**Problem details:**
The result should be the lines from the one that contains "ZKTeco uFace800 Multi-Biometric" to the final line of the entries below, copied exactly and with no pictures.
─── Exercise data ───
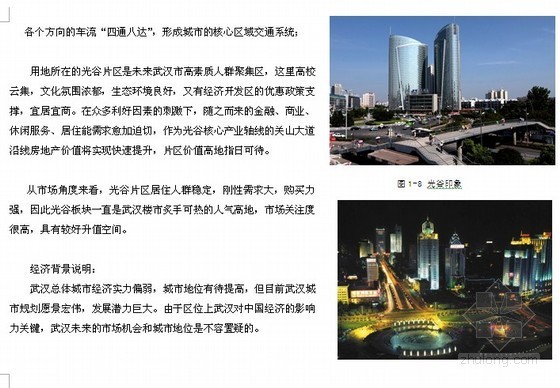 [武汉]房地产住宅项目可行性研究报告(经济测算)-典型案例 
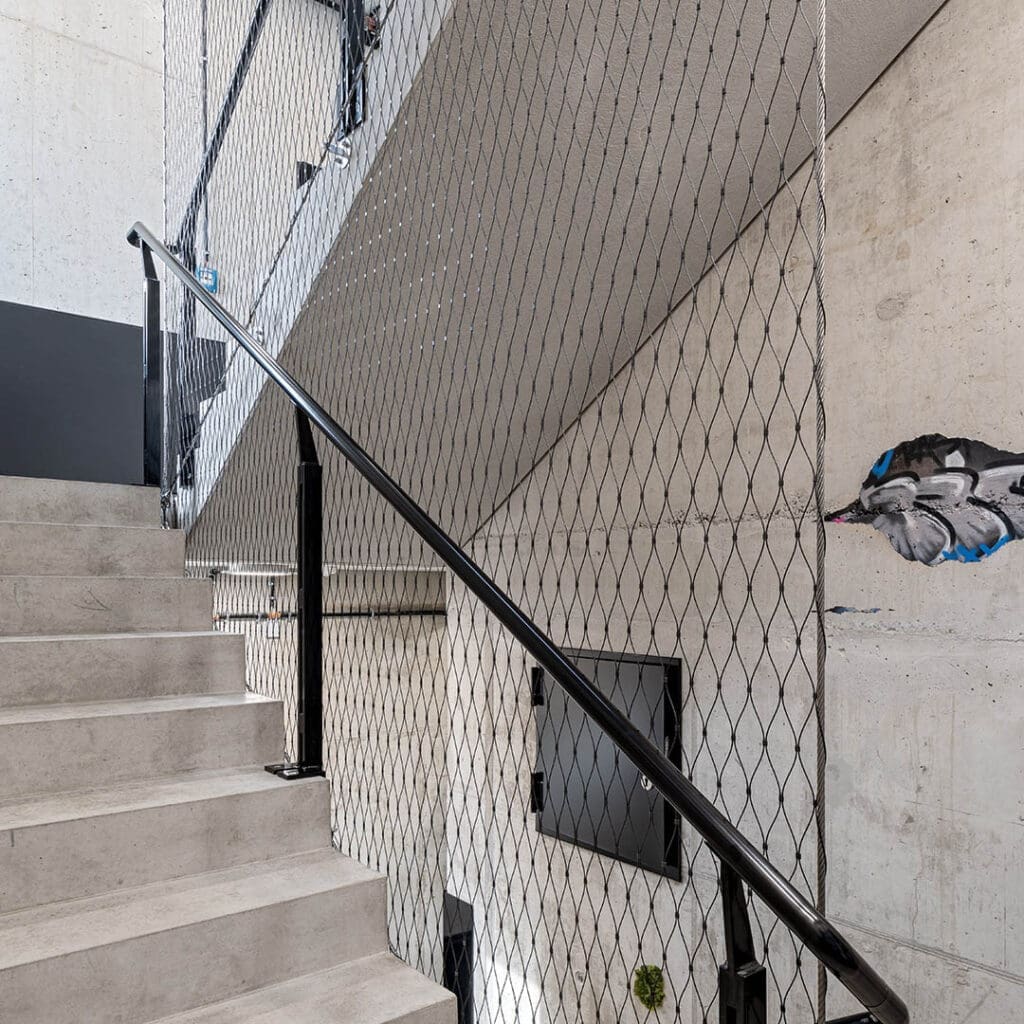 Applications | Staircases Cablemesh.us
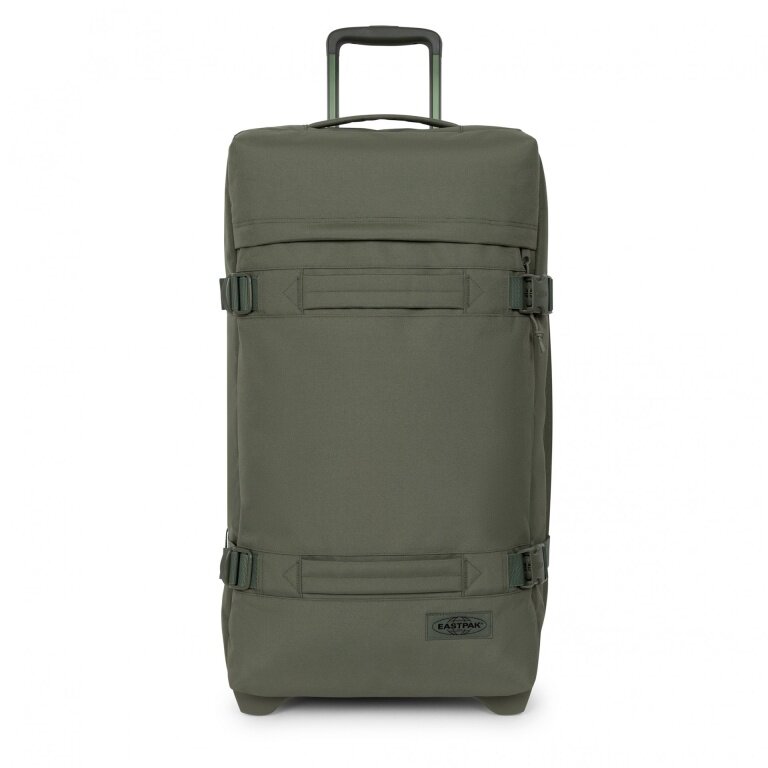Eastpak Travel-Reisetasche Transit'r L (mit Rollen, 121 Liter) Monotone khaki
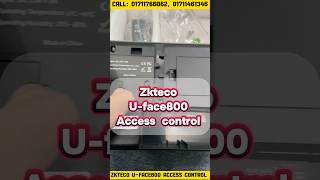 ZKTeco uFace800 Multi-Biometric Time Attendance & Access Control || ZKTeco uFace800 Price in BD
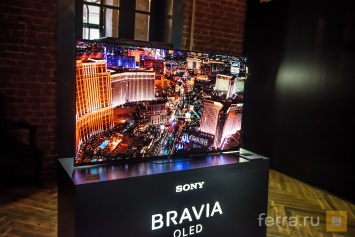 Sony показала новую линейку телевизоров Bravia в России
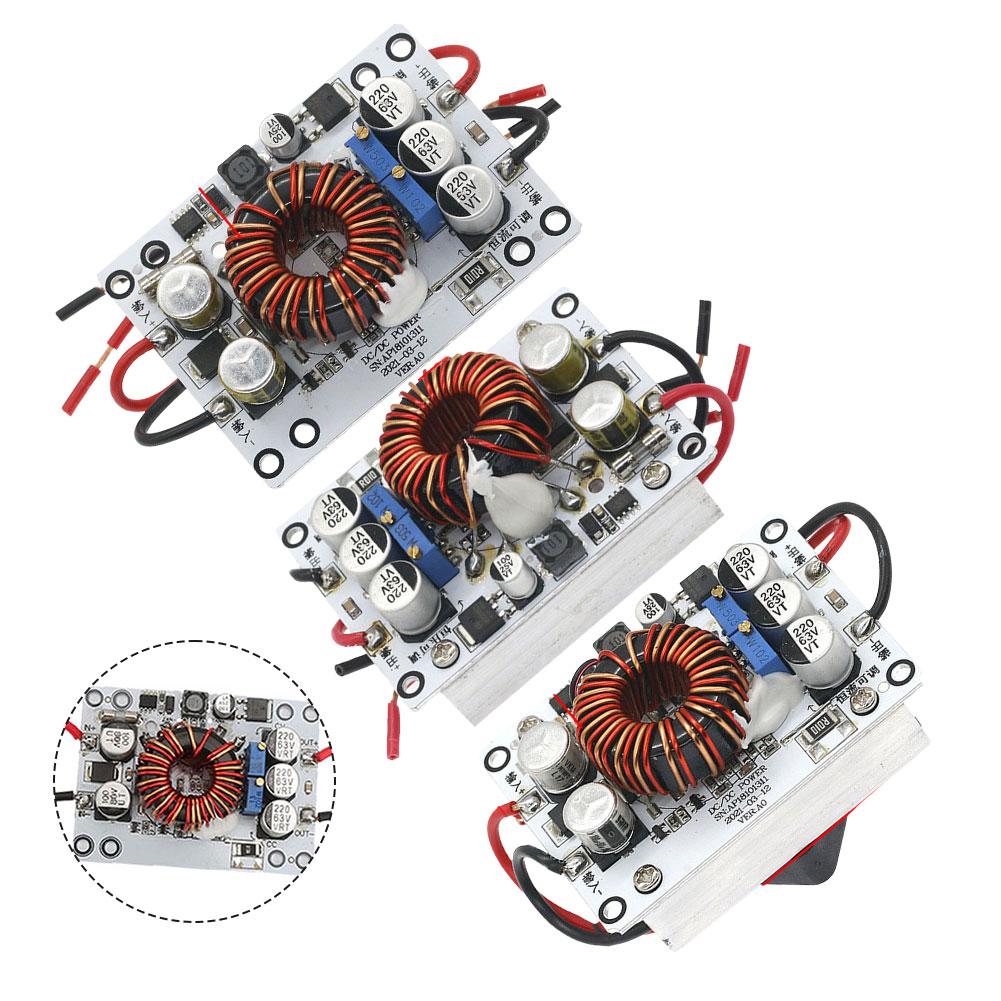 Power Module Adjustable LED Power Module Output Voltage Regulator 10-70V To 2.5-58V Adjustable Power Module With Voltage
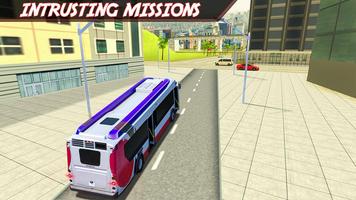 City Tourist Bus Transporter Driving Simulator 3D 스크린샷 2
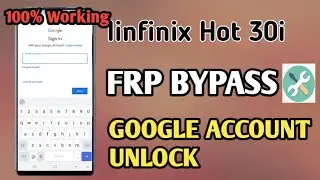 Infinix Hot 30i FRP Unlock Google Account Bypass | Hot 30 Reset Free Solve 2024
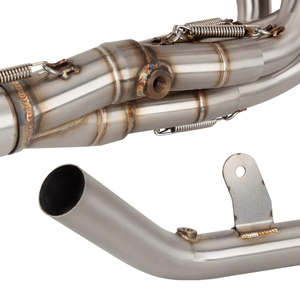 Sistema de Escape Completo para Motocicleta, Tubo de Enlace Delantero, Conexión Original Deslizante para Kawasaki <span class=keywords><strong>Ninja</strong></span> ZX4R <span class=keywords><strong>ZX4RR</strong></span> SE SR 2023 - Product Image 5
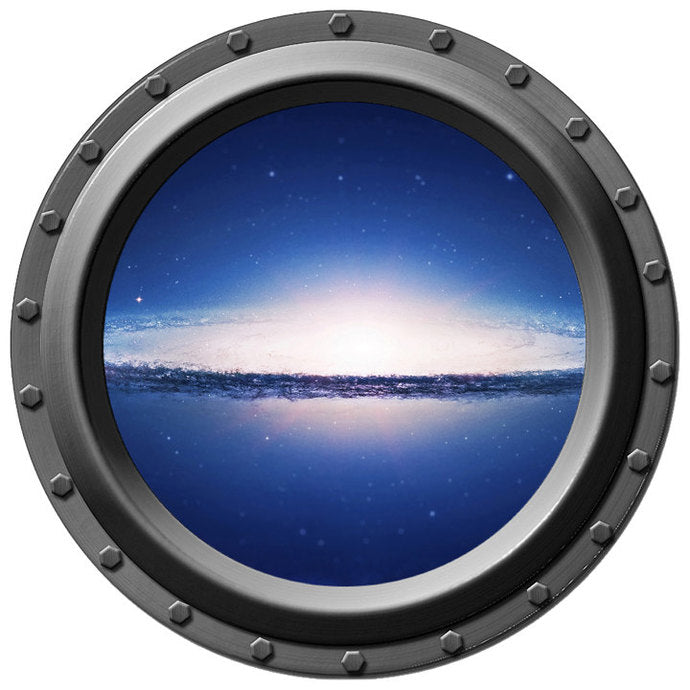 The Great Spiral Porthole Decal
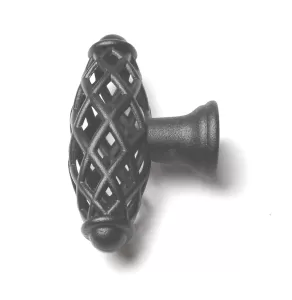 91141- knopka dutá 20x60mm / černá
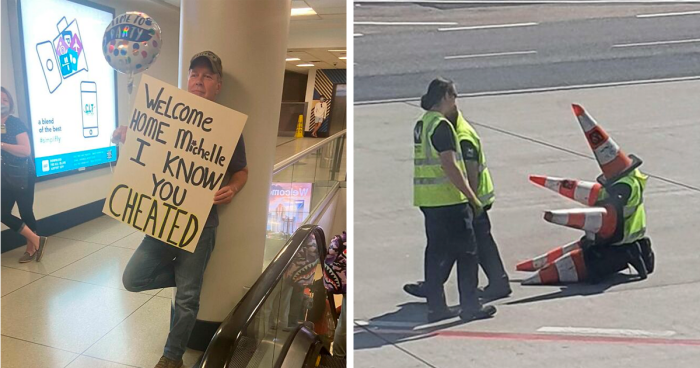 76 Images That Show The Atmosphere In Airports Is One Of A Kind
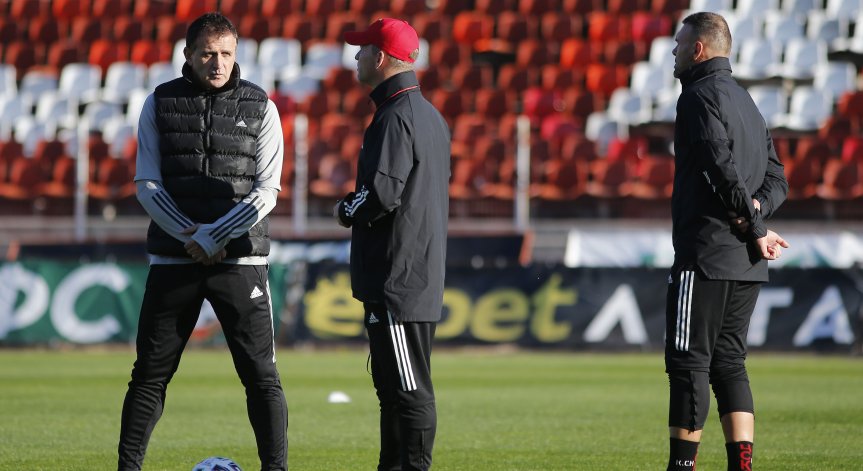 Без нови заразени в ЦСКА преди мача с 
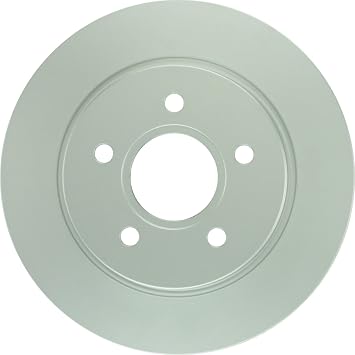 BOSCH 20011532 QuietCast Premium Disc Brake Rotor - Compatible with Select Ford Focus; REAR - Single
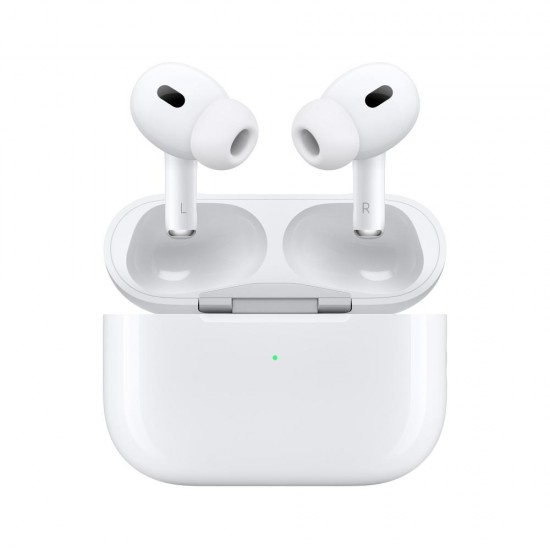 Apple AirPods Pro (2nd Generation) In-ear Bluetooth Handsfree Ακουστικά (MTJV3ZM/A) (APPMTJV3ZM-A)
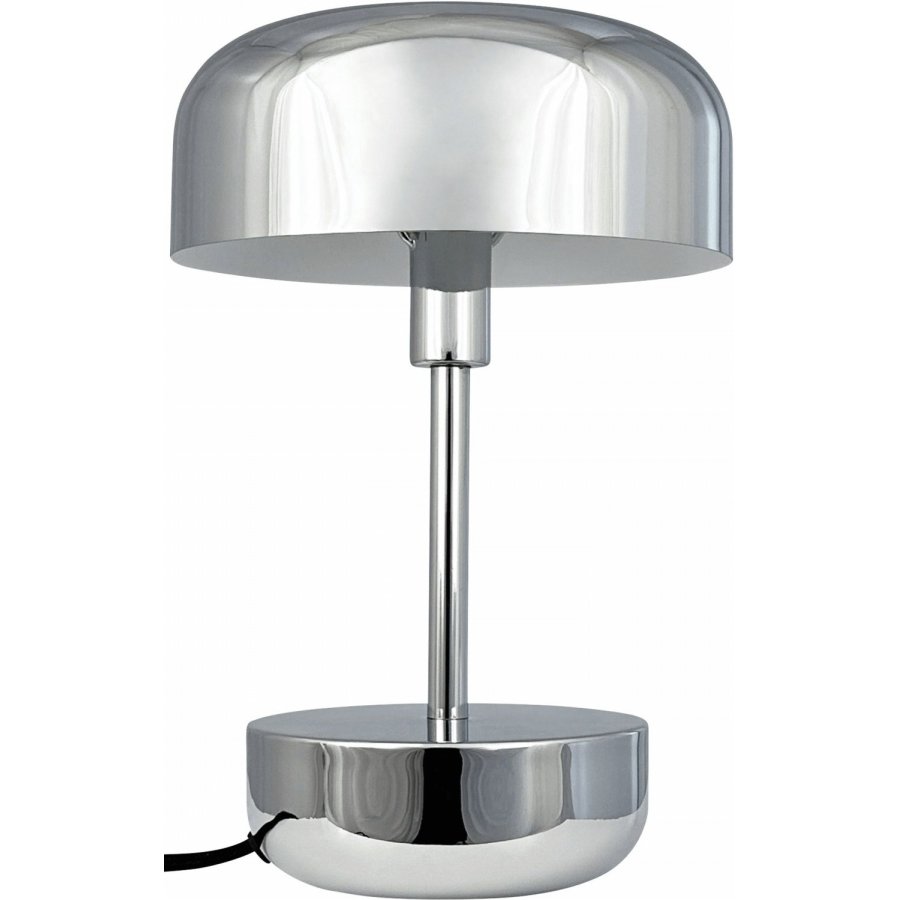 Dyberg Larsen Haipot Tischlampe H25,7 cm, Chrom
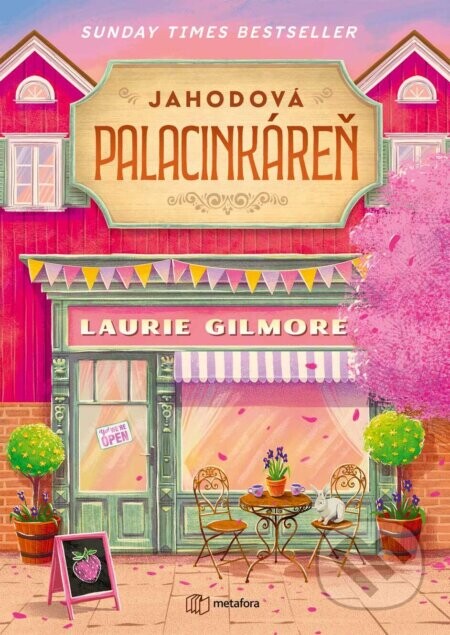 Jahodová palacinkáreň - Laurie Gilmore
───
**Exercise response:**
 ZKTeco uFace800 Multi-Biometric Time Attendance & Access Control || ZKTeco uFace800 Price in BD
 Sony показала новую линейку телевизоров Bravia в России
 Power Module Adjustable LED Power Module Output Voltage Regulator 10-70V To 2.5-58V Adjustable Power Module With Voltage
 City Tourist Bus Transporter Driving Simulator 3D 스크린샷 2
 Infinix Hot 30i FRP Unlock Google Account Bypass | Hot 30 Reset Free Solve 2024
 Sistema de Escape Completo para Motocicleta, Tubo de Enlace Delantero, Conexión Original Deslizante para Kawasaki <span class=keywords><strong>Ninja</strong></span> ZX4R <span class=keywords><strong>ZX4RR</strong></span> SE SR 2023 - Product Image 5
 The Great Spiral Porthole Decal
 91141- knopka dutá 20x60mm / černá
 76 Images That Show The Atmosphere In Airports Is One Of A Kind
 Без нови заразени в ЦСКА преди мача с 
 BOSCH 20011532 QuietCast Premium Disc Brake Rotor - Compatible with Select Ford Focus; REAR - Single
 Apple AirPods Pro (2nd Generation) In-ear Bluetooth Handsfree Ακουστικά (MTJV3ZM/A) (APPMTJV3ZM-A)
 Dyberg Larsen Haipot Tischlampe H25,7 cm, Chrom
 Jahodová palacinkáreň - Laurie Gilmore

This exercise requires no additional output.